経営会議の場ではどうしても数字やロジックの部分を中心に議論されてしまいます。でも、だからこそ「人の気持ち」「手触りの良さ」や「感覚」を右脳で感じて言語化できる人が経営者(意思決定者)の中にいることが、サービスを良くしていく上で重要なんです。CDOは「ユーザーにとってどうなのか?という視点」を常に引き戻してくれます。いくら戦略が良くても、プロダクトの触り心地が良くなくて上手くいかないことは多々あります。戦略が悪くてもプロダクトの触り心地が良くて大成功することもあります。ユーザーエクスペリエンスは時として事業戦略以上に大切です。また、経営者がデザインの力を信じることも同じくらい重要なことです。」
※ 南場さんは周囲からロジカルモンスターと呼ばれるほど左脳派だそうです。
●レガシーな組織がデザインの力でエンパワーメントされる話
デザインプロセスを踏むと「分断されていた組織の統合」が行われてしまいます。なぜかというと答えはシンプルで、ユーザーから見るとサービスはひとつだからです。組織側から見ると複数に分断されてしまっているリソースも、ユーザー視点を取り入れると越境して課題解決せざるを得ない状況になります。そうやって周囲を巻き込んで進めるプロセスのなかで、取り組んだメンバーからは「最初は正直めんどくさいと感じていた取り組みだったが、意外な人がアイデアマンだったり等発見が多くあり、組織がデザインの力でエンパワーメントされるのを感じた」という意見も出ました。
by 田川さんと宗像さんのお話から抜粋
●経営とブランディングの話
Goodpatch 土屋さん
「5年後に目指すデザイナーとしてのキャリア」アンケートを取ったところ、経営に関わりたいデザイナーは12%と少ない中、ブランディングのスキルを付けたいと答えたデザイナーは多い割合を占め、非常にギャップがある結果となりました。ブランディング(CI/VI)には経営への理解が必須です。ブランディングをするためには、社会・ビジネス・サービスについて経営者と解像度の高いコミュニケーションを行うための高度なビシネスコミュニケーションスキルが求められるからです。そんななかデザイナーに必要となってくるものは、領域を超えていくチャレンジ精神やアントレプレナーシップ(起業家精神)です。また、経営トップがデザインの力を信じることも同じように重要となってきます。

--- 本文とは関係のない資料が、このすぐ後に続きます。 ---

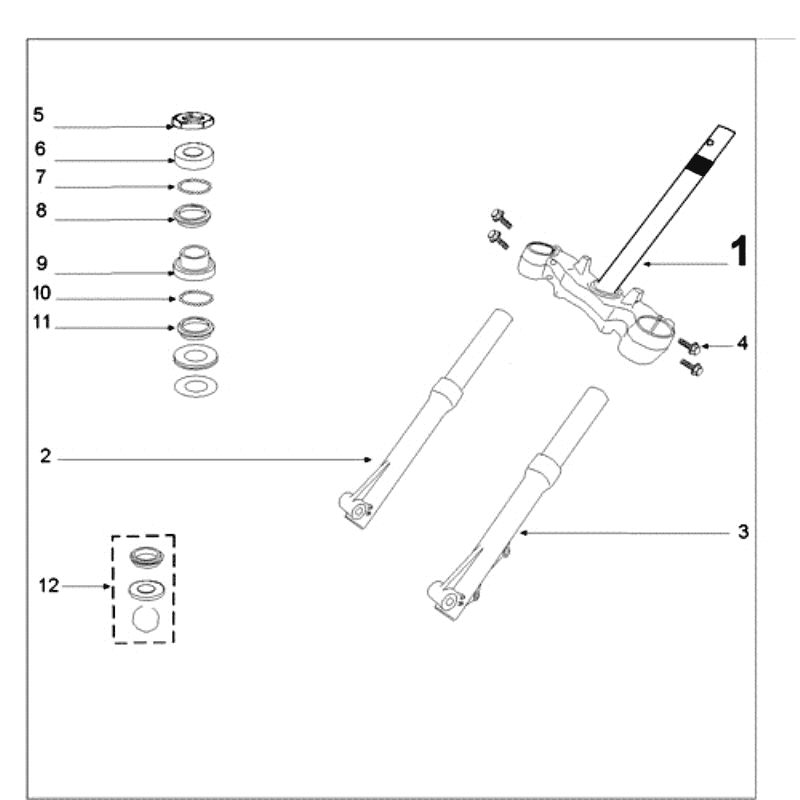 Fourche avant - Headset Peugeot Tweet vieux gris mat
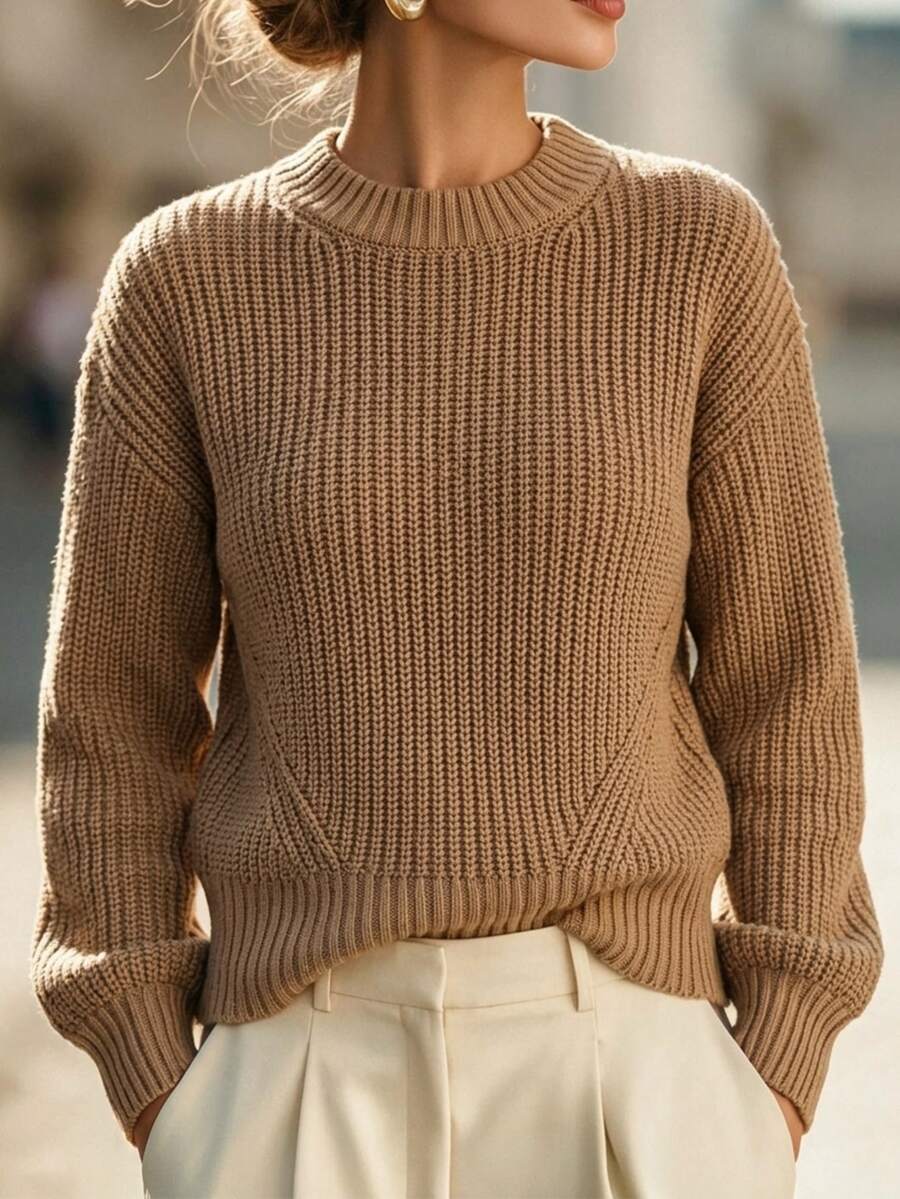 SHEIN Crew Neck Short Loose Fit Pullover Sweater, Autumn/Winter Work Brunch Everyday Khaki French Casual - Khaki - View 1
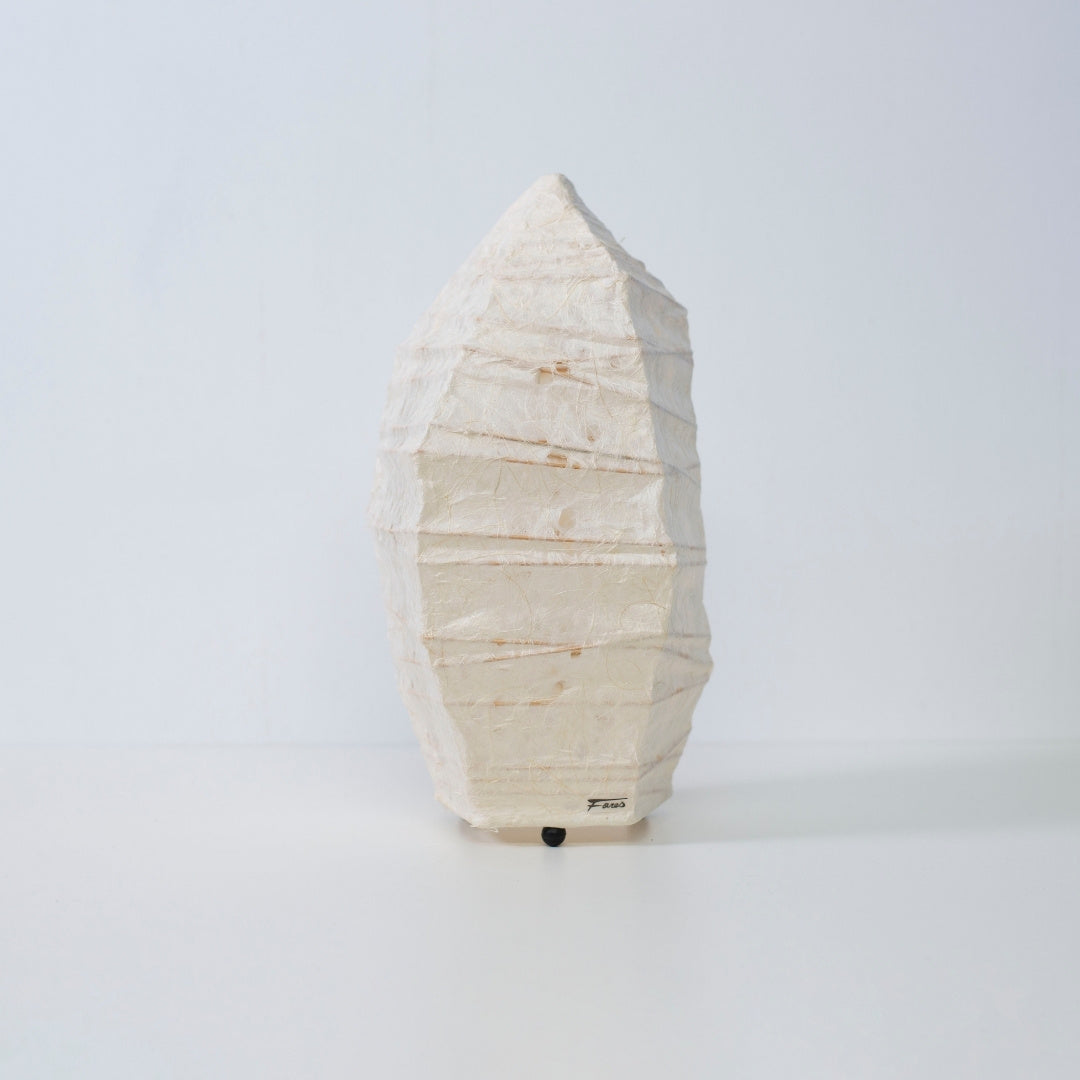 Japanese Paper Floor Lamp “Paper Stone” Small – Handmade Washi Paper Floor Lamp for Japandi living room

そして、デザイン経営を実践していく為のキーマンとなるのはプロダクトマネージャーです。プロダクトマネージャーは「プロダクトの価値を明確にし、狙った市場に届ける為」に「ユーザーへの誠実な姿勢を持ってチームメンバーへリーダーシップのあるコミュニケーションを行う」役割だからです。
おわりに
イベントが終わって、一晩寝てもまだ胸に残っていたエピソードを追記として記載しました。こんなに優秀な人達にさえも、やはりデザインの費用対効果は定量化できるものではないんだなと感じる一方、中長期的にデザインの力を信じで取り組んでいくこと、そして結果を出していくことの大切さを改めて感じました。外からは効率良く素敵に聞こえるエピソードも、現場では泥臭く苦しみも多かったことと思います。
デザイナーとして関わる社会が確実に以前より良い社会になることを信じて、明日からまた頑張れるエネルギーを分けてもらえるイベントでした。